TASK BRIEF: Don't include any picture when you restate the data word for word.

DATASET EXCERPT:
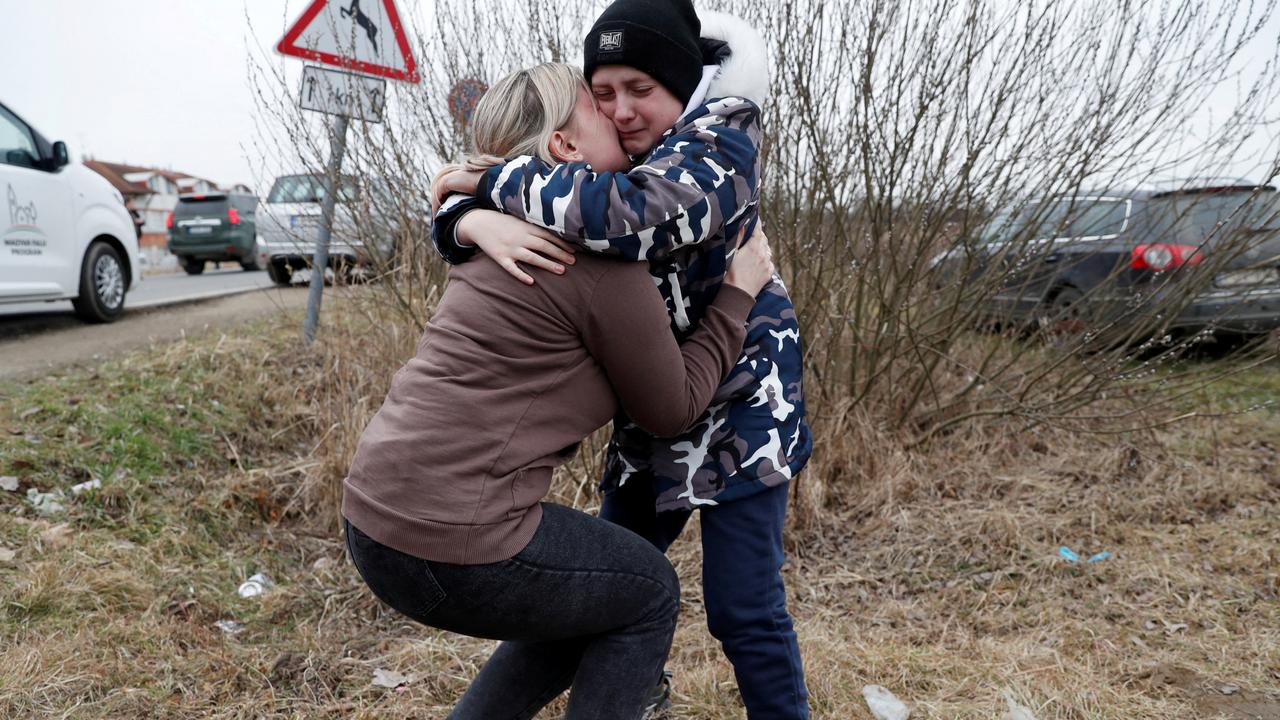 Anna Semyuk, 33, hugs her son at the Beregsurany border crossing, Hungary on February 26, 2022. Picture: Reuters/Bernadett Szabo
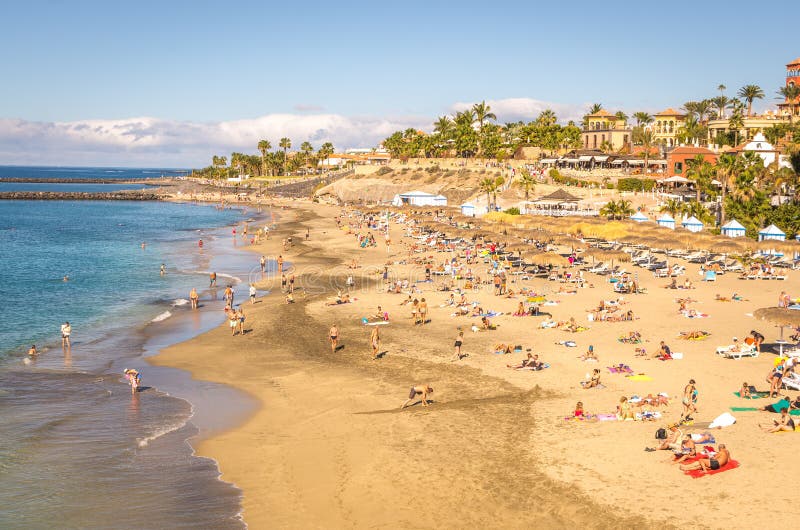 January 2015, people on the beach at Casas de Duque, Adeje. Tenerife. Spain. January 2015, people on the beach at Casas de Duque, Adeje. Tenerife. Spain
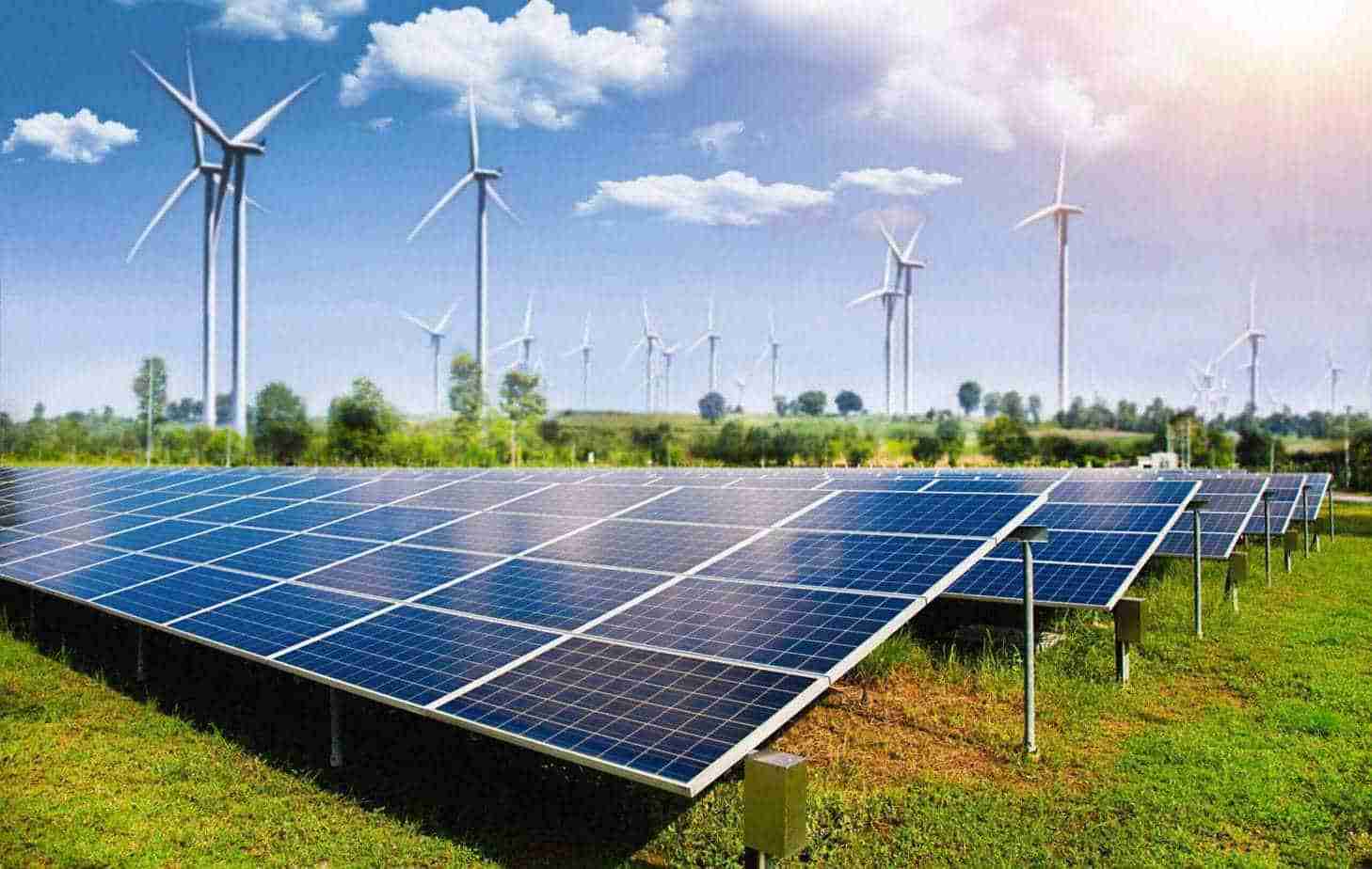 solar panel with wind turbines against mountains and sky as back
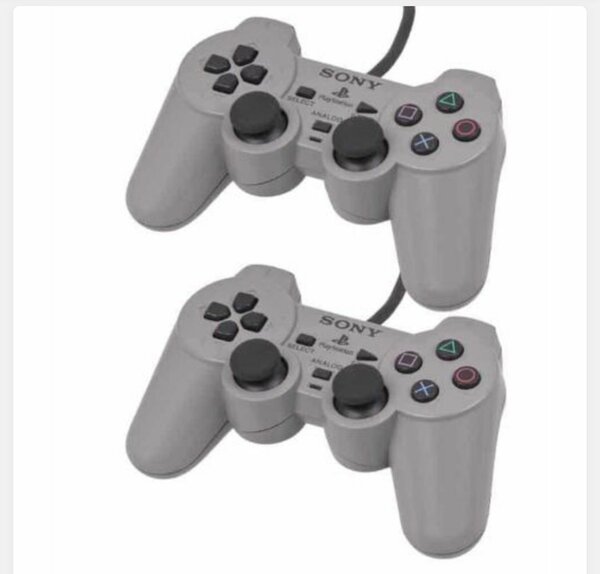 LOT DE 2 MANETTES PS2 GRIS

RESPONSE AREA:
 Anna Semyuk, 33, hugs her son at the Beregsurany border crossing, Hungary on February 26, 2022. Picture: Reuters/Bernadett Szabo
 January 2015, people on the beach at Casas de Duque, Adeje. Tenerife. Spain. January 2015, people on the beach at Casas de Duque, Adeje. Tenerife. Spain
 solar panel with wind turbines against mountains and sky as back
 LOT DE 2 MANETTES PS2 GRIS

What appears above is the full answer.